Reste à déterminer la chaîne de responsabilité. À Genève, certains échafaudent des hypothèses concernant de hauts cadres de Gunvor dont les noms étaient déjà apparus dans l’affaire congolaise sans qu’ils ne soient sanctionnés, comme le responsable du département pétrole brut et celui qui était alors en charge de l’Europe et l’Asie. Ou encore, en ce qui concerne l’Equateur, la personne alors chargée des finances à Singapour.
Selon la justice états-unienne, c’est de Singapour que Gunvor a déclenché le paiement des mirobolantes commissions destinées aux apporteurs d’affaires équatoriens. Les millions auraient atterri sur des comptes bancaires en Suisse, au Panama et aux îles Caïmans, puis en partie reversés aux fonctionnaires équatoriens.
Nervosité bancaire
Plusieurs banques qui financent Gunvor sont nerveuses. «La direction de Gunvor n’apprendra donc rien?! C’est choquant!», lance un banquier, faisant allusion au grand patron, le directeur exécutif Torbjörn Törnqvist qui, lui non plus, n’a jamais été inquiété dans le scandale congolais.

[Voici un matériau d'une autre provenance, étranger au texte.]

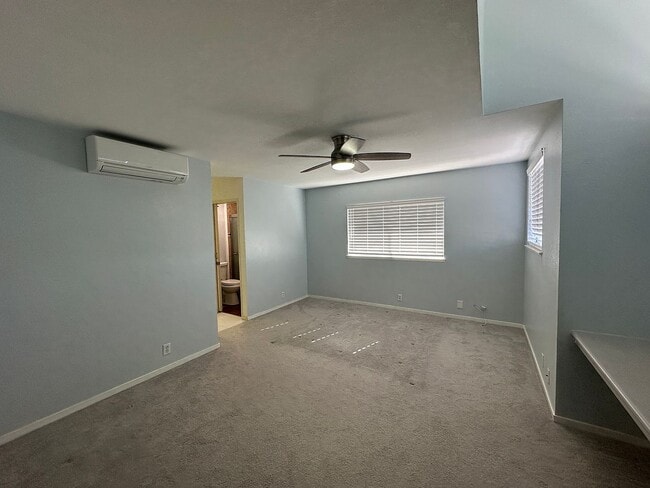 Building Photo - 1082-1082 Hakala St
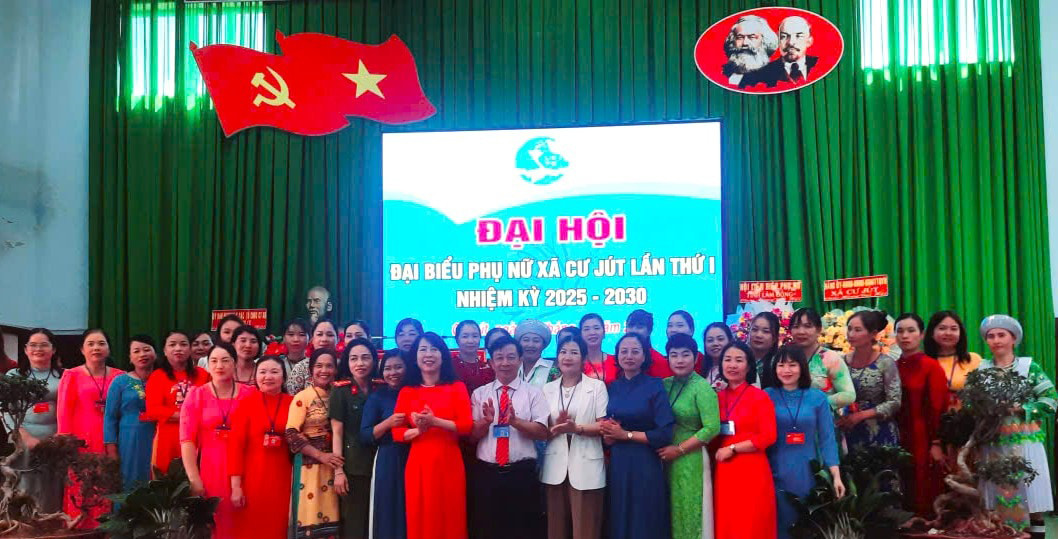 ban-chap-hanh-hoi-lhpn-xa-cu-jut-khoa-i-nhiem-ky-2025-2030-ra-mat-dai-hoi(1).jpg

Contactée par Public Eye, Gunvor se borne à envoyer un message générique concernant ses normes de compliance bancaire: une approche «zéro tolérance» envers la corruption qui a conduit la «société à bannir l’utilisation d’intermédiaires chargés du business development». Gunvor affirme collaborer pleinement avec la justice états-unienne.

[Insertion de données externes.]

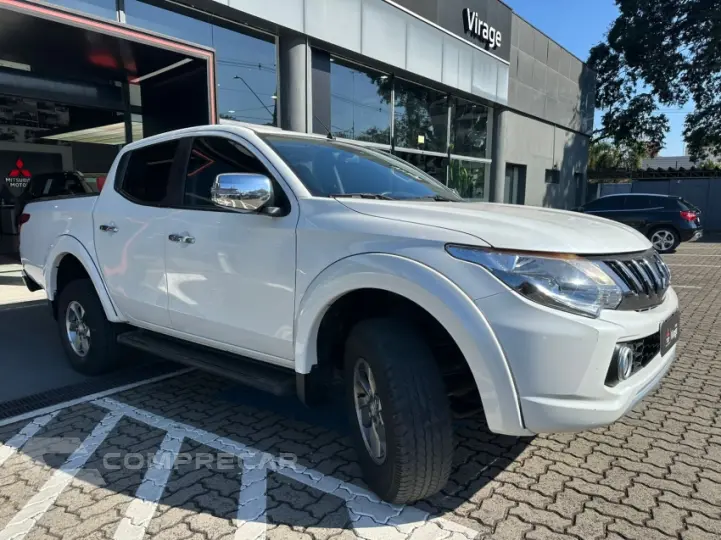 L200 TRITON 2.4 16V Turbo Sport HPE CD 4X4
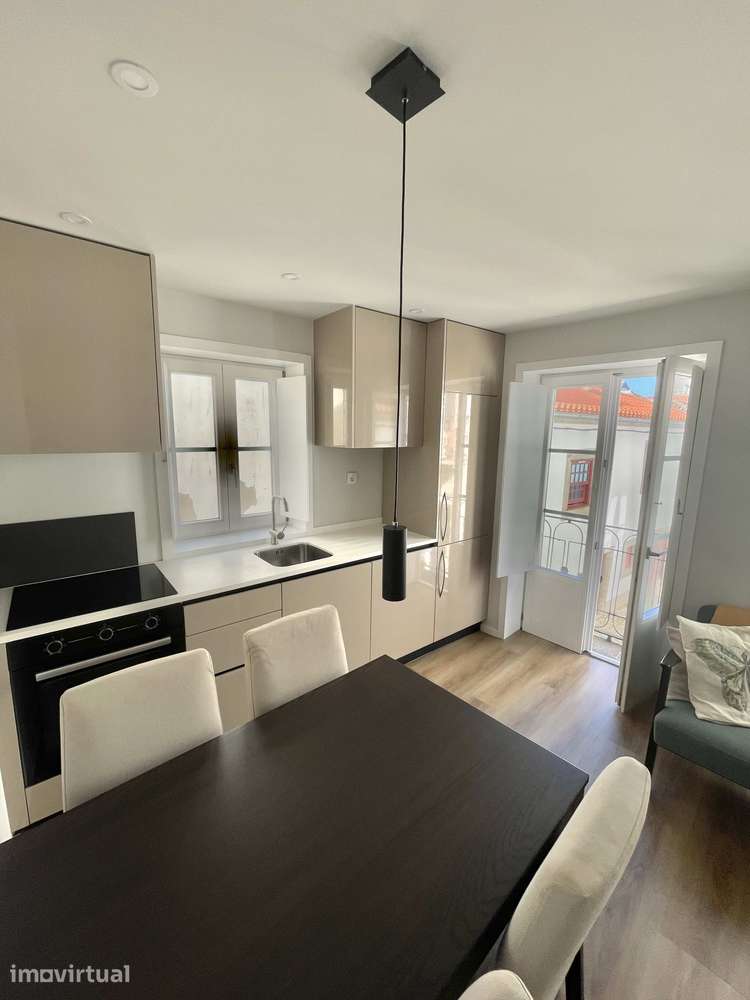 Apartamento T1 no Centro Histórico de Viana do Castelo - Grande imagem: 2/9
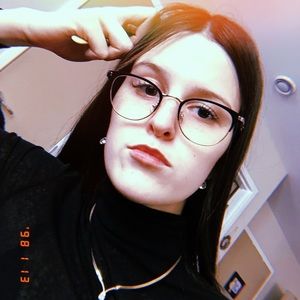 Meet your Posher, Shea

La justice suisse devrait aussi logiquement s’intéresser de près au nouveau dossier sous l’angle de la récidive.
Au moment où Gunvor était sous enquête en Suisse pour ses activités au Congo-Brazza et en Côte d’Ivoire, les affaires allaient bon train en Amérique latine avec des méthodes comparables. Contacté, le Ministère public de la Confédération «ne commente pas en l’état cette nouvelle affaire».
Échaudé en Afrique, désormais blacklisté en Équateur et en indélicatesse aux États-Unis, Gunvor, qui vient d’annoncer de réjouissants résultats – 50 milliards de dollars de chiffre d’affaires et 320 millions de bénéfices pour 2020 – pourrait être amenée à viser d’autres horizons. Fin mars, Torbjörn Törnqvist, déclarait à Reuters qu’il souhaitait relancer ses activités pétrolières en Russie. «Nous obtenons de plus en plus de pétrole provenant de là», disait-il. Un retour aux sources qui pourrait s’accélérer dans les circonstances actuelles.